A proposito delle acciughe del Mar Ligure, Riccardo Ferrari, ‘docente nelle visite di scolaresche che arrivano anche da fuori regione (per la presenza delle Colonie Milanesi a Pietra Ligure) può raccontare senza conflitti di interesse: “Acciughe nel ponente savonese non se ne pescano più’ da anni ed i motivi sono molteplici: non vi sono più nella flotta peschereccia del savonese pescherecci con le lampare (gozzi dotati di grandi luci che servivano per attrarre, incuriosire i branchi di acciughe). In larga parte il quantitativo di acciughe si è più che dimezzato. C’è chi sostiene che il divieto di pesca al tonno rosso imposto dalla Comunità Europea ha fatto si che il tonno, come specie, sia più’ che triplicato. Il tonno è grande divoratore di pesce azzurro, e quando andiamo in mare con i nostri gozzi possiamo osservare che vi sono molti branchi di tonni, ad una distanza da terra che si avvicina alle tre-quattro miglia marine”.

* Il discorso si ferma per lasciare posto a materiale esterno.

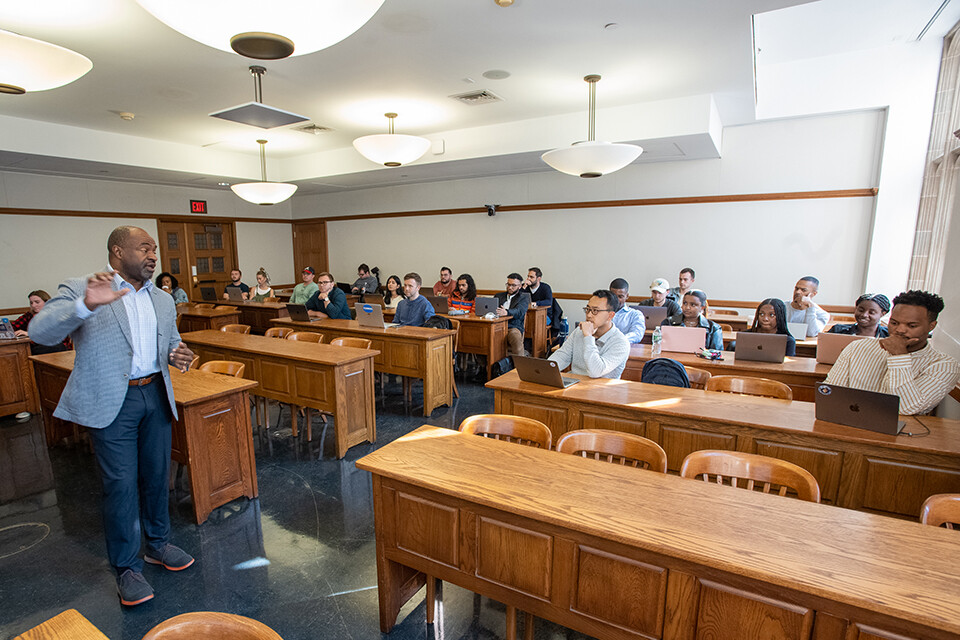 A professor lectures to a classroom with students seated at wooden tables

Acciughe che arrivano dal Levante Ligure, che c’è di vero ? Ferrari: “Nella flotta peschereccia di Levante della Liguria alcune barche fanno ancora la pesca delle acciughe ma mi dicono diversi pescatori professionisti che le “cale”, pescate , si riducono a poche decine, raramente centinaia di casse di pescato e le zone di pesca sfruttate arrivano fino al largo di Livorno. I prezzi sono relativamente alti rispetto al pescato, perché essendovi poche acciughe il prezzo aumenta, mi pare sia una regola del mercato. A volte si vedono sui banchi delle pescherie acciughe che provengono dall’Adriatico, pescate e spedite ai mercati all’ingrosso, e i buongustai sanno che non sono come le acciughe dell’alto Tirreno. Si vedono in esposizione anche acciughe spagnole, magari a prezzi competitivi…..ho molti dubbi sui trattamenti chimici… Nelle sagre, e ne ho organizzato molte negli anni passati, il prodotto fritto e cucinato in altri modi è buono ma non nostrano. Una volta i vecchi dicevano che le acciughe migliori del mondo erano quelle di Monterosso (famoso il Bagnun di acciughe).. Purtroppo ci dobbiamo adeguare ai cambiamenti alimentari e non solo, i cambiamenti climatici stanno producendo dei danni immani e l’uomo “industriale” pensa al profitto senza capire che la natura è stanca ed il nostro futuro è nelle nostre mani…”.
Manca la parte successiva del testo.